Prior to pooled analysis, the studies must pass 2 assessments of heterogeneity - qualitative and quantitative[8]. Qualitative assessment is based on 4 key concepts of study design (Patients, Interventions, Outcomes and Study Types). If studies are deemed heterogeneous on this assessment, it is inappropriate to proceed to quantitative assessment using statistical tests such as χ2 test or Cochrane Q, etc.[8]. In this review the studies were deemed heterogeneous based on the above mentioned qualitative criteria and so we did not proceed to statistical analysis.

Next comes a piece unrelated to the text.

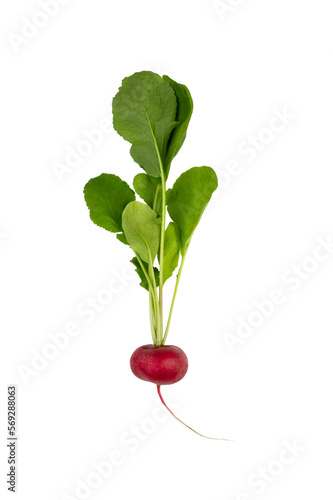 red ripe radish with green leaves isolated on a white background with clipping path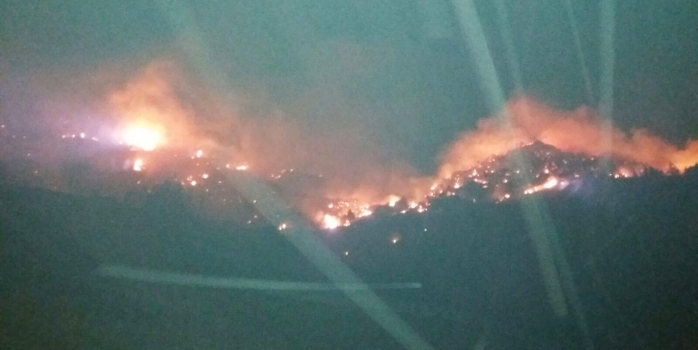 Şenkaya'da Orman Yangınları!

The initial search identified 2583 studies (Figure 1). Two thousand four hundred and seventy were excluded after initial screening of titles and abstracts. The remaining 113 studies were critically reviewed using the full article. Of these, 26 articles met the inclusion criteria and reviewed in detail. However, data relevant to this review could be extracted from only 8 studies (Table 2). Table 3 summarizes the 18 studies from which adequate extraction of appropriate data was not possible.

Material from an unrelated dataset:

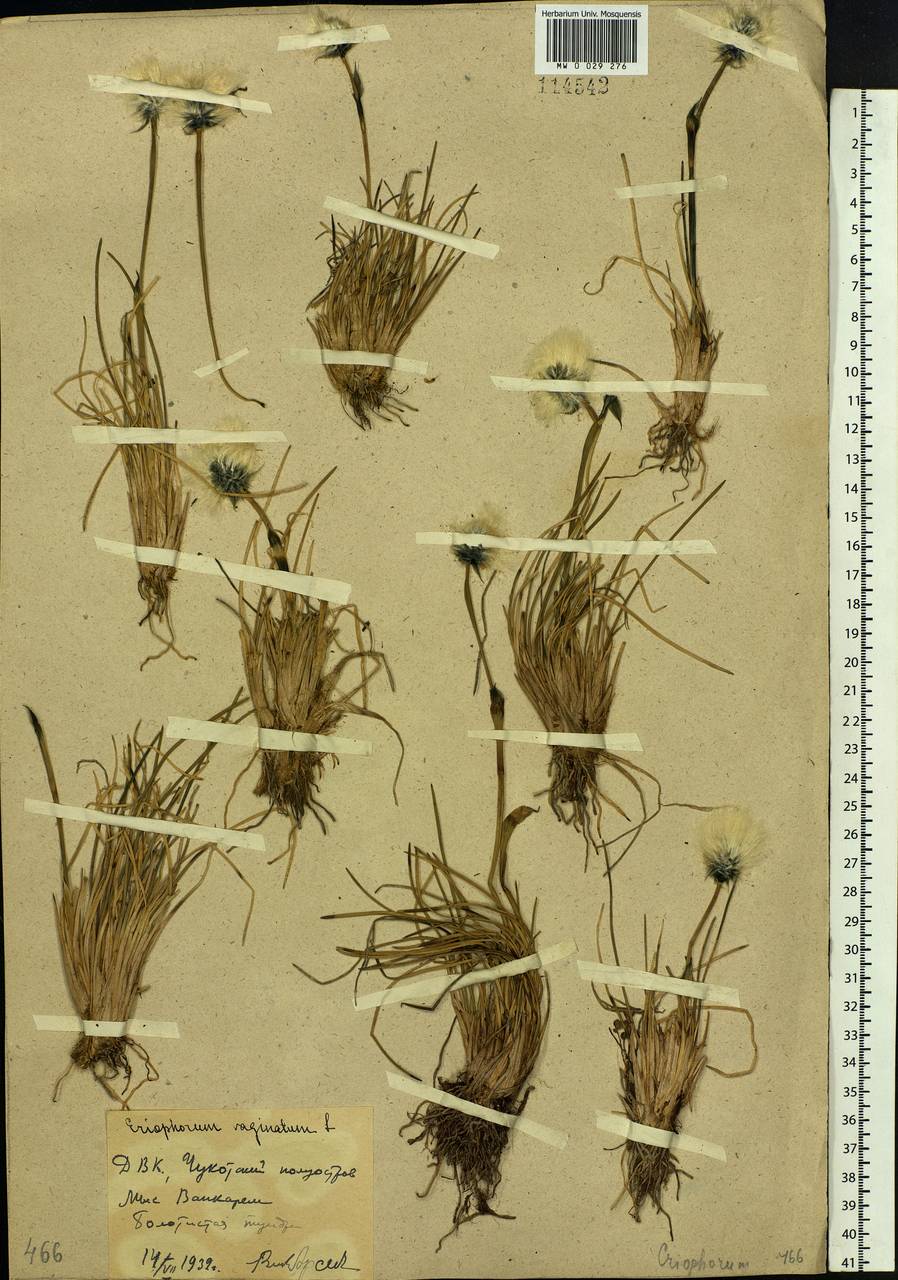 Eriophorum vaginatum L., Siberia, Chukotka & Kamchatka (S7) (Russia)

| Ref. | Year | Country | Type of study | Total No. of patients | Patients Lap | Patients open |
| Kang et al[9] | 2010 | South Korea | RCT | 340 | 170 | 170 |
| Kusano et al[11] | 2014 | Japan | Case control Study | 33 | 19 | 14 |
| Hu et al[14] | 2013 | China | Case control Study | 137 | 51 | 86 |
| Seshadri et al[12] | 2011 | India | Case control Study | 144 | 72 | 72 |
| Denoya et al[15] | 2009 | United States | Case matched series | 64 | 32 | 32 |
| 1Saklani et al[13] | 2013 | South Korea | Case series | 64 | 64 | NA |
| 1Denost et al[10] | 2011 | France | Case series | 292 | 292 | NA |
| Motson et al[7] | 2011 | United Kingdom | Case series | 26 | 26 | NA |
| Ref. | Year | Country | Type of study | Percent having LCRT in Lap group |
| van der Pas et al[5] | 2013 | The Netherlands | RCT1 | 59 |
| Lujan et al[6] | 2009 | Spain | RCT | 72.3 |
| Lujan et al[16] | 2013 | Spain | Case Control | 58.1 |
| McKay et al[17] | 2012 | Australia | Case Control | 48.8 |
| Laurent et al[18] | 2011 | France | Case Control | 93.6 |
| Patel et al[19] | 2011 | United States | Case Matched | 50 |
| Li et al[20] | 2011 | China | Case Control | 34.5 |
| Kellokumpu et al[21] | 2011 | Finland | Case Control | 34 |
| Greenblatt et al[22] | 2011 | United States | Case Control | 31.6 |
| da Luz Moreira et al[23] | 2011 | United States | Case Matched | 33 |
| Baik et al[24] | 2010 | United States | Case Matched | 79.6 |
| Westerholm et al[25] | 2012 | Canada | Case Series | 7.4 |
| Jefferies et al[26] | 2011 | United Kingdom | Case Series | 43.8 |
| Glancy et al[27] | 2011 | United Kingdom | Case Series | 8 |
| Lam et al[28] | 2010 | Belgium | Case Series | 56.7 |
| Sartori et al[29] | 2010 | Italy | Case Series | 39.1 |
| Cheung et al[30] | 2010 | Hong Kong | Case Series | 21.5 |
| Park et al[31] | 2010 | South Korea | Case Series | 8.1 |
The selected publications included a combination of randomized controlled trial (RCT) and non RCT. Qualitative assessment of the studies revealed: (1) Type of studies identified were clearly heterogeneous (Table 2); (2) Patient selection criteria for LCRT were different in the different studies (Table 4); and (3) The LCRT regimen patients received was also different (Table 4).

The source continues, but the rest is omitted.